(Material for the task)

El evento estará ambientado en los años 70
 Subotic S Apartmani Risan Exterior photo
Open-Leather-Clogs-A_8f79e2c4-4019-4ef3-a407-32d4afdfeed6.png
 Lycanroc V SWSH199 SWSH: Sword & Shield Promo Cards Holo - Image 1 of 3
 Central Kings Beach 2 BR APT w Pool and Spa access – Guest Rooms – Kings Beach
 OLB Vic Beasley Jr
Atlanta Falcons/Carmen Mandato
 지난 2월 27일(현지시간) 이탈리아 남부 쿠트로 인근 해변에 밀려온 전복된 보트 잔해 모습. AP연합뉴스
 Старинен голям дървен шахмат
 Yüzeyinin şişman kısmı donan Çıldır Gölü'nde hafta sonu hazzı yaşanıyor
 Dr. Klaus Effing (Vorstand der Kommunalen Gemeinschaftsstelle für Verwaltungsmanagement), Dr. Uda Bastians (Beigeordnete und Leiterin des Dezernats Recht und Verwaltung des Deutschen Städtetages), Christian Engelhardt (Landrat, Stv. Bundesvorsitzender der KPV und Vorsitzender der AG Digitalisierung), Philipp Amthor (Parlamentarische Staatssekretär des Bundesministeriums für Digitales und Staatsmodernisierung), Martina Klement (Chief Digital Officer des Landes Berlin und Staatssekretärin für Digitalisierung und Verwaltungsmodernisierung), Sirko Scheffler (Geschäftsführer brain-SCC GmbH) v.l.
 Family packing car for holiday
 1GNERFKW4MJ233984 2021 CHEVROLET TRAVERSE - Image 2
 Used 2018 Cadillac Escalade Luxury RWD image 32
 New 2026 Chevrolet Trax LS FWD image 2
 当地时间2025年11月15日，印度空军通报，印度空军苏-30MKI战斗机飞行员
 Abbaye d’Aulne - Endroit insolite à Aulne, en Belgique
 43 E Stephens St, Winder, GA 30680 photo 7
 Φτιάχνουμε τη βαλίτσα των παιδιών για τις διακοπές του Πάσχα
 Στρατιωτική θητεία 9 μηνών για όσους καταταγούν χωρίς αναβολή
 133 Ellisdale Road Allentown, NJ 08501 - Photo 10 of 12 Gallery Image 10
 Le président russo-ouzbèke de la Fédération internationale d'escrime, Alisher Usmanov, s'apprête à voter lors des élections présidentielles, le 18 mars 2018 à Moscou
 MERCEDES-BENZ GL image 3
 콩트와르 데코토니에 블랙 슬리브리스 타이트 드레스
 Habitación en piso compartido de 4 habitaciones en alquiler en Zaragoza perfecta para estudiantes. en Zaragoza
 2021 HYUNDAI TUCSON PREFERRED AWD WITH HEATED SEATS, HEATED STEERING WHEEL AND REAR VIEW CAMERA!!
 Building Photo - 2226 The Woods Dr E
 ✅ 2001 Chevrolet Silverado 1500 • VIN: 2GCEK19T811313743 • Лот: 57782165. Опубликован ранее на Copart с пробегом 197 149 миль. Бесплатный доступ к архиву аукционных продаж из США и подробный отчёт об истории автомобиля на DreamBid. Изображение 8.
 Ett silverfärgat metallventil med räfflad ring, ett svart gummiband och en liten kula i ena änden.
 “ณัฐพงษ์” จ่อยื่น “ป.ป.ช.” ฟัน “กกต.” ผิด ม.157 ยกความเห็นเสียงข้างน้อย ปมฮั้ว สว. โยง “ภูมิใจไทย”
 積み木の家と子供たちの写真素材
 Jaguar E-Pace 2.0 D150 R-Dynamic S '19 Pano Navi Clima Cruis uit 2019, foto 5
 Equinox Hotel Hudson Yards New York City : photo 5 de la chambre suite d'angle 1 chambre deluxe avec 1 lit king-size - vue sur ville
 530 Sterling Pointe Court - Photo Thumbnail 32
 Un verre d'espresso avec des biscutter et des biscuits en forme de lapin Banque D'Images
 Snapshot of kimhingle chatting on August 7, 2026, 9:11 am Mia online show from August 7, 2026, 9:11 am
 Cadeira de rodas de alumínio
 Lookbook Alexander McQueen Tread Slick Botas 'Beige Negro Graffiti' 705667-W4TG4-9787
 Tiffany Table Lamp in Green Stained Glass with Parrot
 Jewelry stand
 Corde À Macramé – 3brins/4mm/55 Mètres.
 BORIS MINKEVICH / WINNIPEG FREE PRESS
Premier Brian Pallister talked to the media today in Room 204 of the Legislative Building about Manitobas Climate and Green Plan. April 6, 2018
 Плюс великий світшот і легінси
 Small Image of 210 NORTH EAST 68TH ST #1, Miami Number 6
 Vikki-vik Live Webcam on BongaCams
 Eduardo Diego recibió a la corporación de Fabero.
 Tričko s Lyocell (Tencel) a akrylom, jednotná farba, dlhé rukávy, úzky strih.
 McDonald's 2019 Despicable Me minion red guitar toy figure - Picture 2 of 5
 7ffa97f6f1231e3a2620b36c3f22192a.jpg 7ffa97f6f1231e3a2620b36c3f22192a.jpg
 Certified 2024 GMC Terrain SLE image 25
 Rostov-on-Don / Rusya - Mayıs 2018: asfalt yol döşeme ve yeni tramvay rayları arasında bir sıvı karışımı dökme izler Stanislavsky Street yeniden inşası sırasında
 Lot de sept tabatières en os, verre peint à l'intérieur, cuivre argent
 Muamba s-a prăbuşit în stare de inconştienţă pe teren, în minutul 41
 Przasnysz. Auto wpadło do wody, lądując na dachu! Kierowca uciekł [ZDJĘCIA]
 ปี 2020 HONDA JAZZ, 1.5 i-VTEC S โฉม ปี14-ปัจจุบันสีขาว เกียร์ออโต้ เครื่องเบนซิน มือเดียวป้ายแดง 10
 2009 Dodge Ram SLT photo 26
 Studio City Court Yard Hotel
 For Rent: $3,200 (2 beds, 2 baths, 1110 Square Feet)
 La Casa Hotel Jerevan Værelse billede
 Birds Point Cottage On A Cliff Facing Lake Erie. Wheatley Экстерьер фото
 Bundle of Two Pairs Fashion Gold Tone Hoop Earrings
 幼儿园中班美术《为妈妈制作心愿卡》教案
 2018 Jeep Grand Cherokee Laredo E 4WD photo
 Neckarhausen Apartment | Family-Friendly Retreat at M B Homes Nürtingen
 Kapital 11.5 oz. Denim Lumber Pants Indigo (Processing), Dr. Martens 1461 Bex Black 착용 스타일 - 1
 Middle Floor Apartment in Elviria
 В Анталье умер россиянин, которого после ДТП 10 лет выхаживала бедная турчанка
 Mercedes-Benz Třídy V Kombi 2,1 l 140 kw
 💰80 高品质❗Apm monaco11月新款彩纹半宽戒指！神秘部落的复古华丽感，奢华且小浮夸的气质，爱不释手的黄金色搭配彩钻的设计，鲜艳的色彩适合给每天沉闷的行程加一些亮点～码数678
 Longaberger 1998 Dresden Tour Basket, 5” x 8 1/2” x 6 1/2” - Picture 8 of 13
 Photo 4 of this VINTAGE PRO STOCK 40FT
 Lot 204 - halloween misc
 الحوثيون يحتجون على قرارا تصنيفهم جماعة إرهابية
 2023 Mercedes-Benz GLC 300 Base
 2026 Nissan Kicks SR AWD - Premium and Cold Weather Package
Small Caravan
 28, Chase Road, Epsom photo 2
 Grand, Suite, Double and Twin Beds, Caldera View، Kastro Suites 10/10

(End Material for the task)

Exercise instructions
Only one part of the material above is to be transcribed, namely the lines starting with the line that has "ผิด ม.157 ยกความเห็นเสียงข้างน้อย" and going on through the line that has "BORIS MINKEVICH / WINNIPEG FREE PRESS", exactly as they stand.

Answer
 “ณัฐพงษ์” จ่อยื่น “ป.ป.ช.” ฟัน “กกต.” ผิด ม.157 ยกความเห็นเสียงข้างน้อย ปมฮั้ว สว. โยง “ภูมิใจไทย”
 積み木の家と子供たちの写真素材
 Jaguar E-Pace 2.0 D150 R-Dynamic S '19 Pano Navi Clima Cruis uit 2019, foto 5
 Equinox Hotel Hudson Yards New York City : photo 5 de la chambre suite d'angle 1 chambre deluxe avec 1 lit king-size - vue sur ville
 530 Sterling Pointe Court - Photo Thumbnail 32
 Un verre d'espresso avec des biscutter et des biscuits en forme de lapin Banque D'Images
 Snapshot of kimhingle chatting on August 7, 2026, 9:11 am Mia online show from August 7, 2026, 9:11 am
 Cadeira de rodas de alumínio
 Lookbook Alexander McQueen Tread Slick Botas 'Beige Negro Graffiti' 705667-W4TG4-9787
 Tiffany Table Lamp in Green Stained Glass with Parrot
 Jewelry stand
 Corde À Macramé – 3brins/4mm/55 Mètres.
 BORIS MINKEVICH / WINNIPEG FREE PRESS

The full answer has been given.